# TRY IT
Look in the material below for the line with "Yulia in blowjob" and the line with "Room 15 of 28", then set down exactly those two lines and all lines between, nothing more.

(Beginning of PROVIDED DATA)

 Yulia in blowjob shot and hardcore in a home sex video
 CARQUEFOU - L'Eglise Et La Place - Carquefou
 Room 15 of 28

(End of PROVIDED DATA)
(Beginning of PROVIDED DATA)

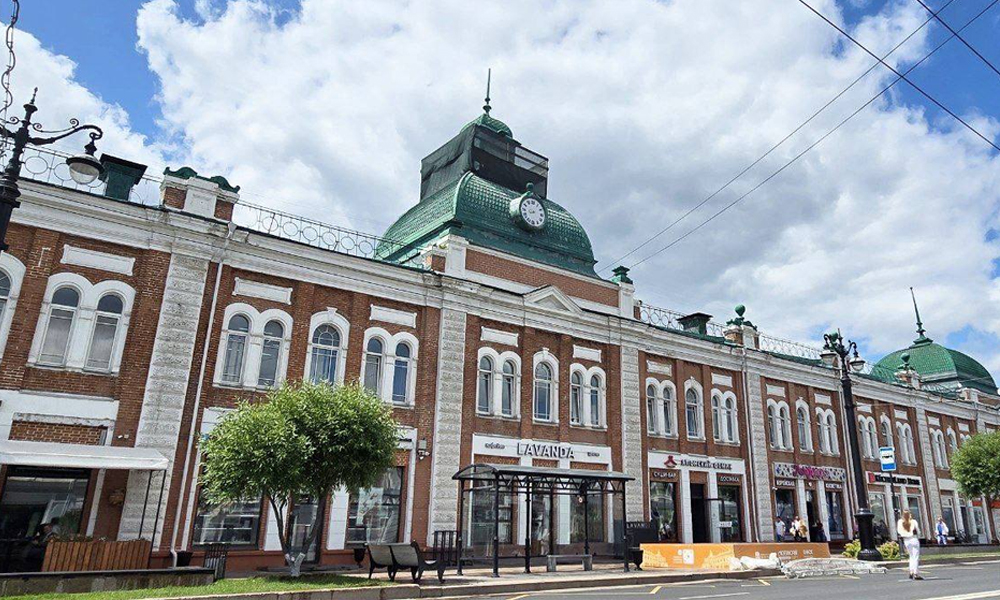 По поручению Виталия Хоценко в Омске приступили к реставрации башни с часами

(End of PROVIDED DATA)

# EXERCISE RESPONSE
 Yulia in blowjob shot and hardcore in a home sex video
 CARQUEFOU - L'Eglise Et La Place - Carquefou
 Room 15 of 28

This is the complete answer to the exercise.